İlim Öğrenen ve Öreten

Sual: İslami ilim öğrenmek için Arapça öğrenmek şart mıdır? Arapçasız ilim öğrenilemez mi? Yoksa Türkçe muteber bir kitabı, mesela İslam Ahlakı kitabını okumak da, ilim öğrenmek sayılır mı? Bu kitabı başkasına hediye etmek, ilim öğretmek yerine geçer mi?
CEVAP
Arapça Cennet lisanıdır. Arapça öğrenmek çok kıymetlidir, ibadettir; fakat ilim öğrenmek ayrı, dil öğrenmek ayrıdır. Türkçe bilen ilim sahibi olmadığı gibi, Arapça bilen de mutlaka ilim sahibidir denemez. Arapça bilen, muteber Arapça eserleri, Türkçe bilen de, muteber Türkçe eserleri okursa ancak o zaman ilim sahibi olur. Mesela İslam Ahlakı kitabını okuyan, çok lüzumlu bilgileri öğrenmiş olur. Bin kadar kitaptan hazırlanmış Seadet-i Ebediyye kitabını okuyup öğrenen kimse, âlim olur. İçinde bildirilenleri tatbik ederse, evliya da olur; çünkü bu kitapta İslamiyet’le ilgili lüzumlu her şey vardır. Kitabı başkasına vermek de, ilmi yaymak, ilmi öğretmek olur. İlim öğrenmenin ve öğretmenin fazileti ise çok büyüktür.

İlim öğrenmenin faziletiyle ilgili birkaç hadis-i şerif meali şöyledir:
(İlim öğrenene denizdeki balıklara kadar her şey istiğfar eder.) [İ. Abdilber] (Günahlarının affolması için dua ederler.)
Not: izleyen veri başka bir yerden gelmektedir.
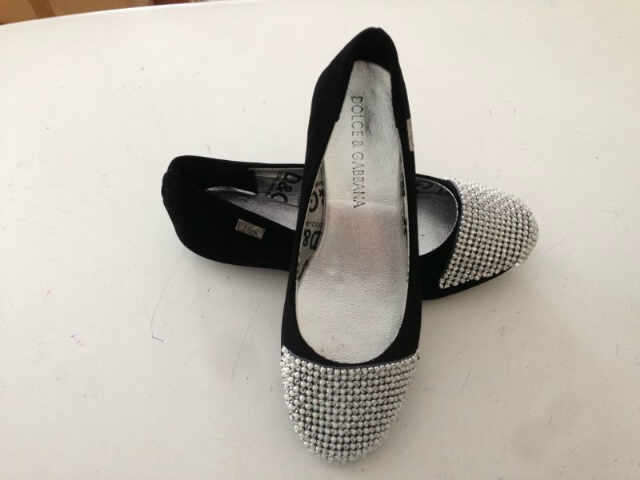 DOLCE AND GABANA PUMPS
(İlim öğrenmek için yolculuğa çıkanın, daha adımını atmadan günahları affolur.) [Şirazi]

(İlim öğrenmeye çalışan, evine dönünceye kadar Allah yolundadır.) [Ebu Nuaym]
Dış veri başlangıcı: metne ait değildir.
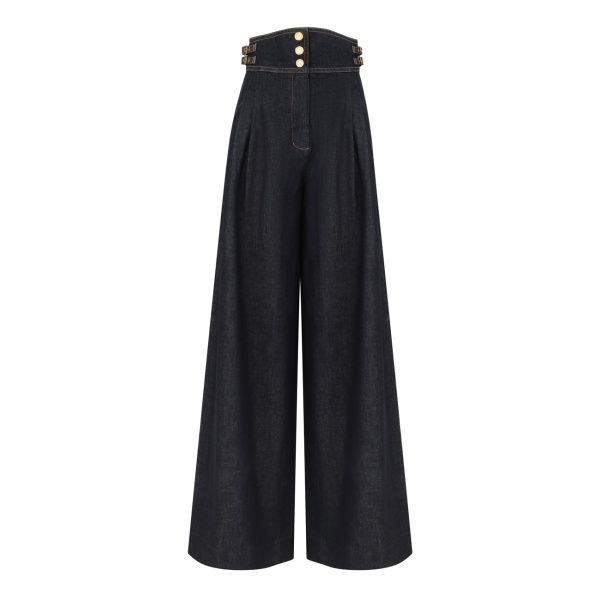 Elevate your elegance in this Zimmermann Pants   from the 2025 resort wear edit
(Öğrenilen ilim, günahlara kefaret olur.) [Tirmizi]

(İlim öğrenmeye çalışanın rızkına, Allah kefildir.) [Hatib]

İlim öğretmenin fazileti de çok büyüktür. Birkaç hadis-i şerif meali şöyledir:

(En üstün sadaka, ilim öğrenip sonra da onu başkasına öğretmektir.) [İ. Mace]

(İlmi öğretenle öğrenenler hariç, herkes Allah’ın rahmetinden uzaktır.) [Tirmizi]
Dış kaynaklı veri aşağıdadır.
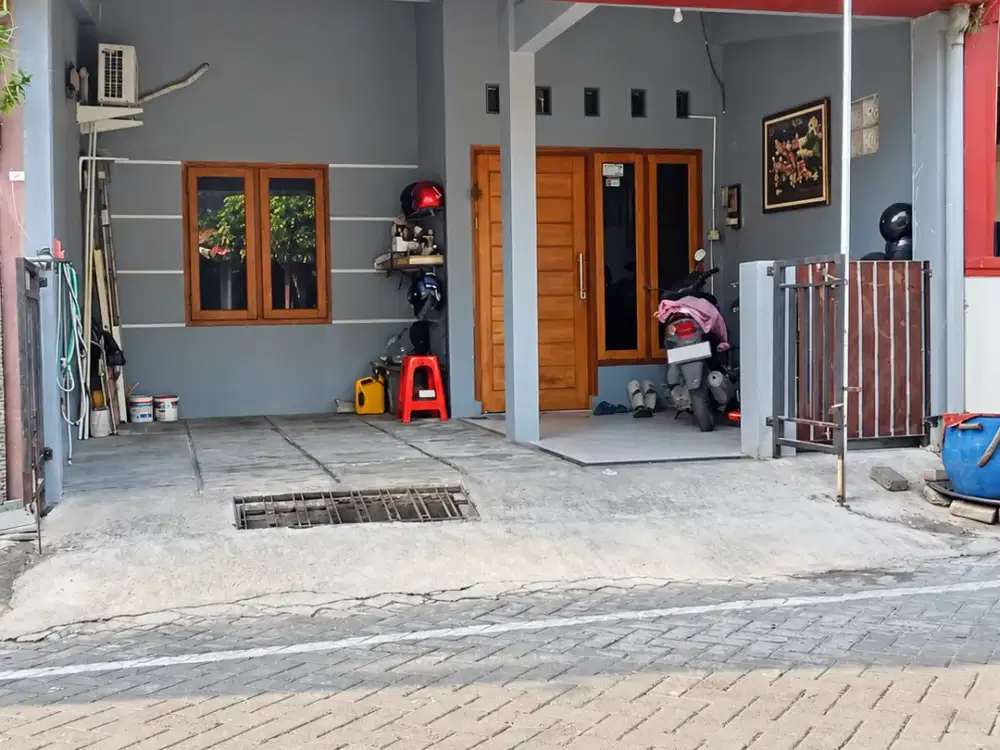 Jual cepat rumah murah taman tlogomulyo pedurungan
(İlim öğrenenle öğreten, sevabda ortaktır.) [Hatib]

(Ya âlim, ya ilim öğrenen, ya dinleyen veya bunları seven ol! Sakın beşincisi olma, yoksa helâk olursun.) [Taberani]

İlim öğrenen, hocasına hürmet etmeli, hocası da talebesine şefkatle muamele etmelidir. İki hadis-i şerif meali şöyledir:

(İlim öğrendiklerinize hürmet edin ve ilim öğrettiklerinize de ikram edin, tevazu gösterin!) [İ. Neccar]

(İlim öğrenmeye gelenlere “Resulullahın tavsiye ettiği faydalı ilmi öğrenmeye hoş geldin” diyerek sorularını [severek] cevaplandırın!) [İ. Mace]

İlim ve mal
Sual: (Allah ilmi isteyene, malı istediğine verir)
demek caiz midir?
CEVAP
Caizdir; çünkü hayır da, şer de Allah’tandır; yani her şeyi Allahü teâlâ verir. İlmi veren de, malı veren de Odur. İsteyene ilim de, mal da verir. İki âyet-i kerime meali:

(İsteyene ahiret nimetlerini, isteyene de dünya nimetlerini veririz.) [Şura 20]

(Yalnız dünya için yaşamak, eğlenmek isteyenlerin çalışmalarının karşılığını, hiçbir şey esirgemeden [sağlık, mal, para, makam, şöhret gibi] bol bol veririz. Bunlara ahirette yalnız Cehennem ateşi vardır. Emekleri hep boşa gider. Yalnız dünya için yaptıkları işlerine, ahirette bir karşılık verilmez.) [Hud 15, 16]

İstemek, lafla olmaz. Sebebe yapışmak, yani çalışmak lazımdır. Allahü teâlâ, dünya nimetlerine ve Âhiret nimetlerine kavuşmak için çalışanlara, dilediklerini vereceğini vaat ediyor. (Müslüman olsun, olmasın, dünya nimetlerini, beğendiğim gibi çalışan herkese, veririm) buyuruyor. O halde, ilim olsun, mal olsun, çalışan karşılığına kavuşur.